About this task. Exact reproduction, images excluded: write out the records below.
##### Source material
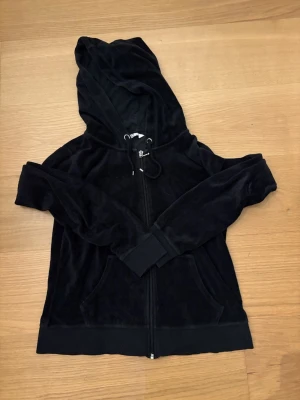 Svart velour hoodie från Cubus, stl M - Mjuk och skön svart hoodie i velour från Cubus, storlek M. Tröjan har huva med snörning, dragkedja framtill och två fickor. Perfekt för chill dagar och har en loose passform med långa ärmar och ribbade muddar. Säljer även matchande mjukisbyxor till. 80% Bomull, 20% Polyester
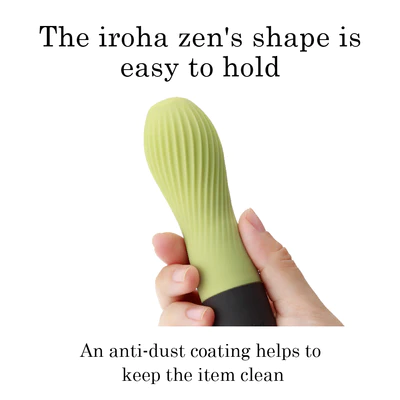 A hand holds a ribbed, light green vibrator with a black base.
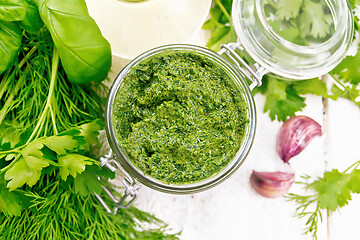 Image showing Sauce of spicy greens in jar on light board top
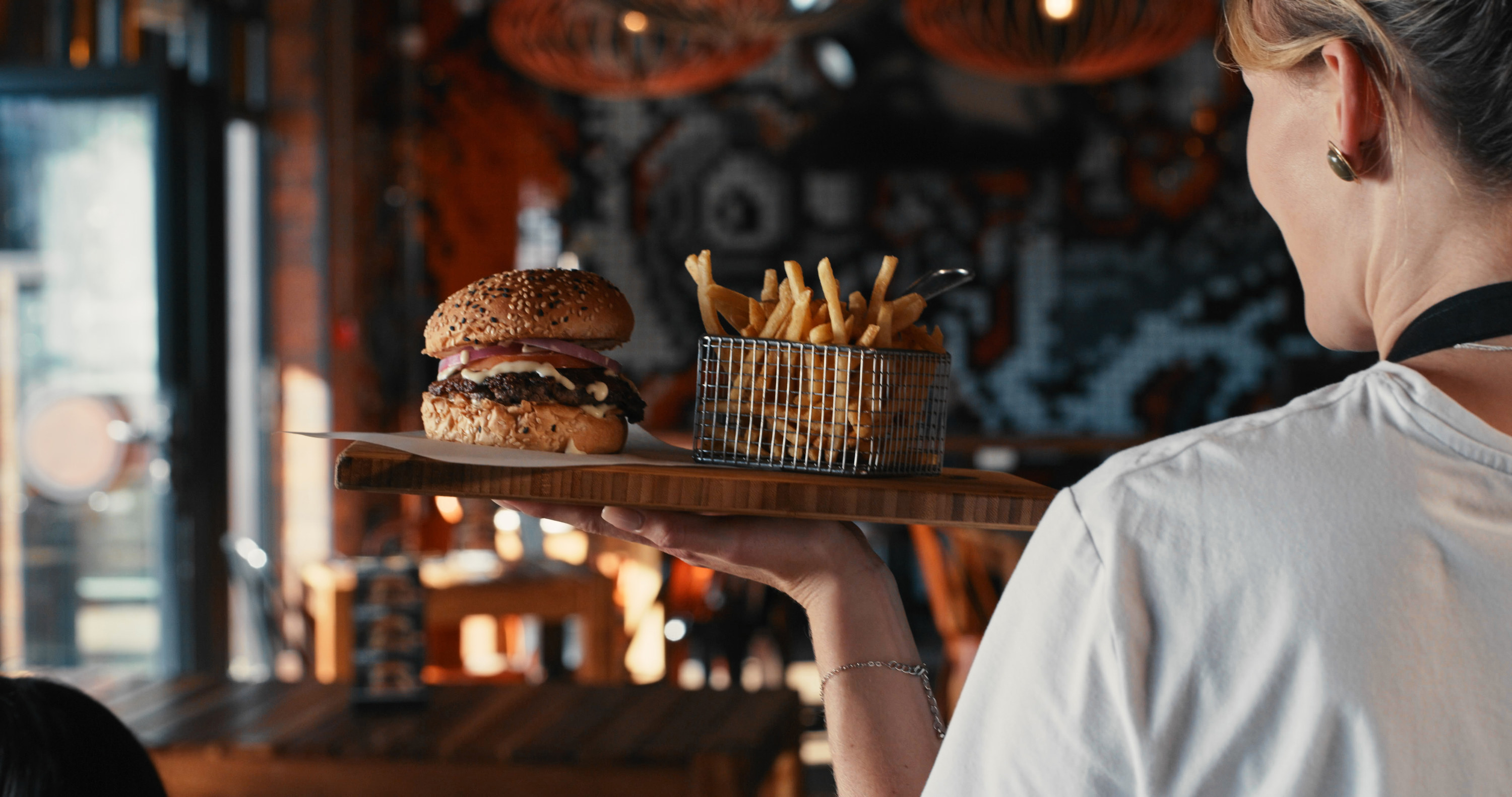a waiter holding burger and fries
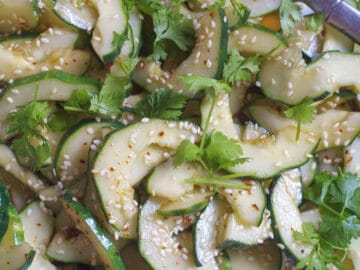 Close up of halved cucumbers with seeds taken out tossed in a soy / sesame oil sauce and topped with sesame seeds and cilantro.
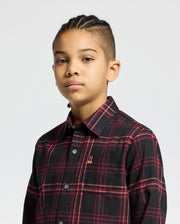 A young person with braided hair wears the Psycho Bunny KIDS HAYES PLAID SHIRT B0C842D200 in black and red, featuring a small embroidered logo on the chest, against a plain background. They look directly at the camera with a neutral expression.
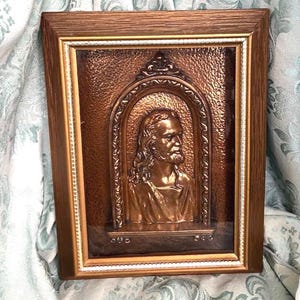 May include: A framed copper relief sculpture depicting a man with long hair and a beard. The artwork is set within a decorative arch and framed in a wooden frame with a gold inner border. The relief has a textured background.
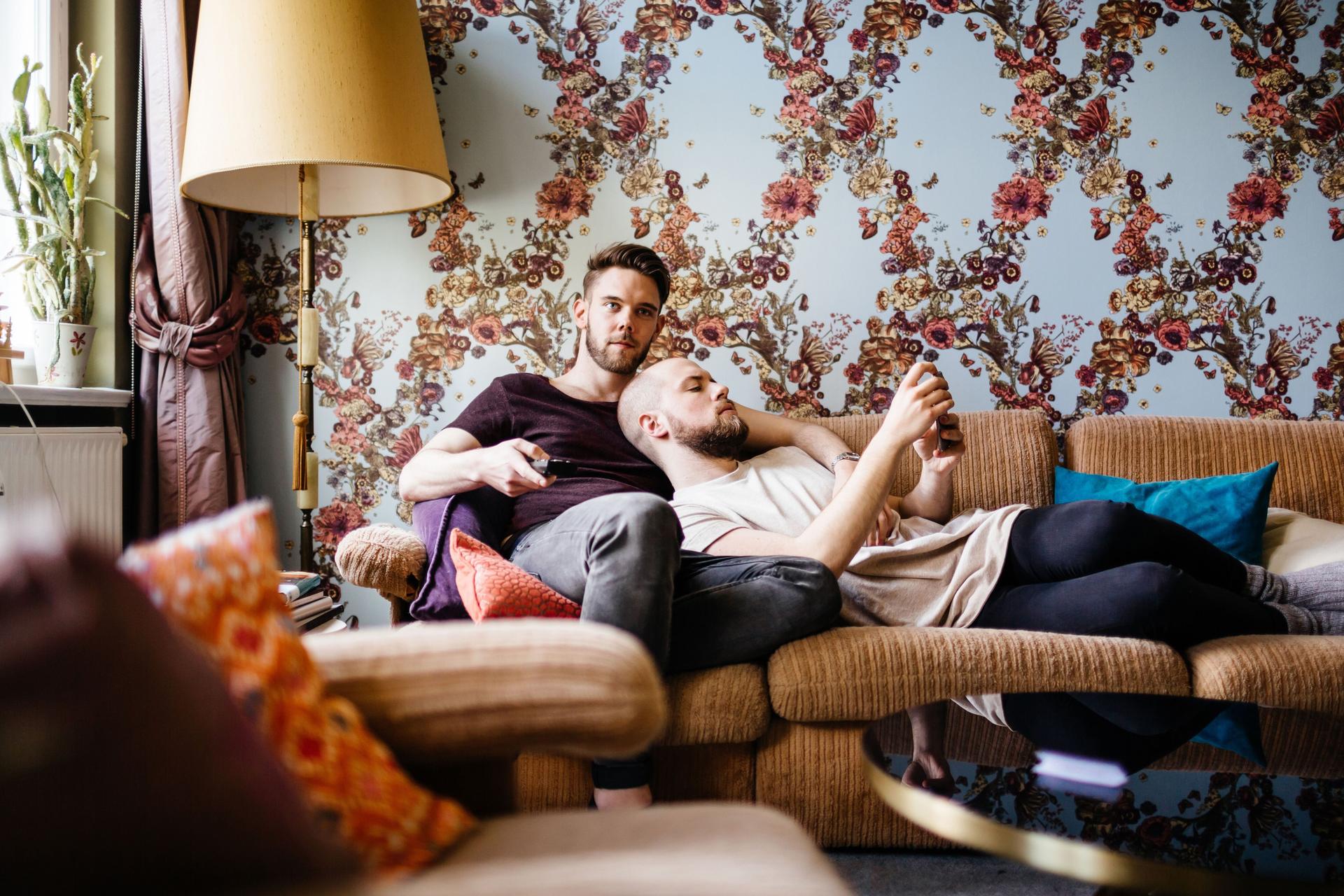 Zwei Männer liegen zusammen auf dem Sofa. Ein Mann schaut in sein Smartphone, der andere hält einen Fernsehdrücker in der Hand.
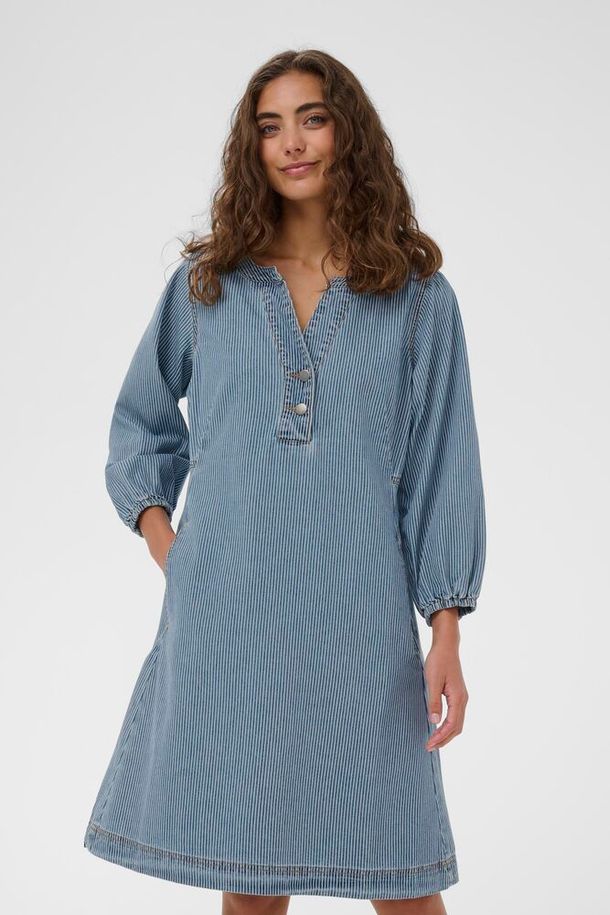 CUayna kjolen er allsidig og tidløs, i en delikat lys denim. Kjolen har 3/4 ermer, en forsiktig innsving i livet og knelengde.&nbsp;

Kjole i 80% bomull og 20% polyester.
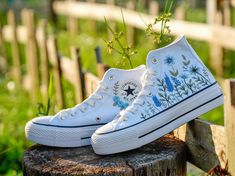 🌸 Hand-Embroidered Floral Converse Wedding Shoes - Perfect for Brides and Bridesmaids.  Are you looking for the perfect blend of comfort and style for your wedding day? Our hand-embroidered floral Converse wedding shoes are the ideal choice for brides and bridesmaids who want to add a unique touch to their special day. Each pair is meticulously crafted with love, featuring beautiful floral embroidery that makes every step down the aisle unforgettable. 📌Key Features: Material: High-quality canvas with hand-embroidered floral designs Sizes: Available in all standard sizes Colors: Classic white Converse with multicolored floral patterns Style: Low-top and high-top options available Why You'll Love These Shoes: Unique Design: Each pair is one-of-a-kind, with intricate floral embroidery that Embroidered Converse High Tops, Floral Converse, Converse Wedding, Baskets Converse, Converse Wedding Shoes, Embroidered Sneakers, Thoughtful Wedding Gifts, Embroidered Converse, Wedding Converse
##########
Task output.
 Svart velour hoodie från Cubus, stl M - Mjuk och skön svart hoodie i velour från Cubus, storlek M. Tröjan har huva med snörning, dragkedja framtill och två fickor. Perfekt för chill dagar och har en loose passform med långa ärmar och ribbade muddar. Säljer även matchande mjukisbyxor till. 80% Bomull, 20% Polyester
 A hand holds a ribbed, light green vibrator with a black base.
 Image showing Sauce of spicy greens in jar on light board top
a waiter holding burger and fries
 Close up of halved cucumbers with seeds taken out tossed in a soy / sesame oil sauce and topped with sesame seeds and cilantro.
 A young person with braided hair wears the Psycho Bunny KIDS HAYES PLAID SHIRT B0C842D200 in black and red, featuring a small embroidered logo on the chest, against a plain background. They look directly at the camera with a neutral expression.
 May include: A framed copper relief sculpture depicting a man with long hair and a beard. The artwork is set within a decorative arch and framed in a wooden frame with a gold inner border. The relief has a textured background.
 Zwei Männer liegen zusammen auf dem Sofa. Ein Mann schaut in sein Smartphone, der andere hält einen Fernsehdrücker in der Hand.
 CUayna kjolen er allsidig og tidløs, i en delikat lys denim. Kjolen har 3/4 ermer, en forsiktig innsving i livet og knelengde.&nbsp;

Kjole i 80% bomull og 20% polyester.
 🌸 Hand-Embroidered Floral Converse Wedding Shoes - Perfect for Brides and Bridesmaids.  Are you looking for the perfect blend of comfort and style for your wedding day? Our hand-embroidered floral Converse wedding shoes are the ideal choice for brides and bridesmaids who want to add a unique touch to their special day. Each pair is meticulously crafted with love, featuring beautiful floral embroidery that makes every step down the aisle unforgettable. 📌Key Features: Material: High-quality canvas with hand-embroidered floral designs Sizes: Available in all standard sizes Colors: Classic white Converse with multicolored floral patterns Style: Low-top and high-top options available Why You'll Love These Shoes: Unique Design: Each pair is one-of-a-kind, with intricate floral embroidery that Embroidered Converse High Tops, Floral Converse, Converse Wedding, Baskets Converse, Converse Wedding Shoes, Embroidered Sneakers, Thoughtful Wedding Gifts, Embroidered Converse, Wedding Converse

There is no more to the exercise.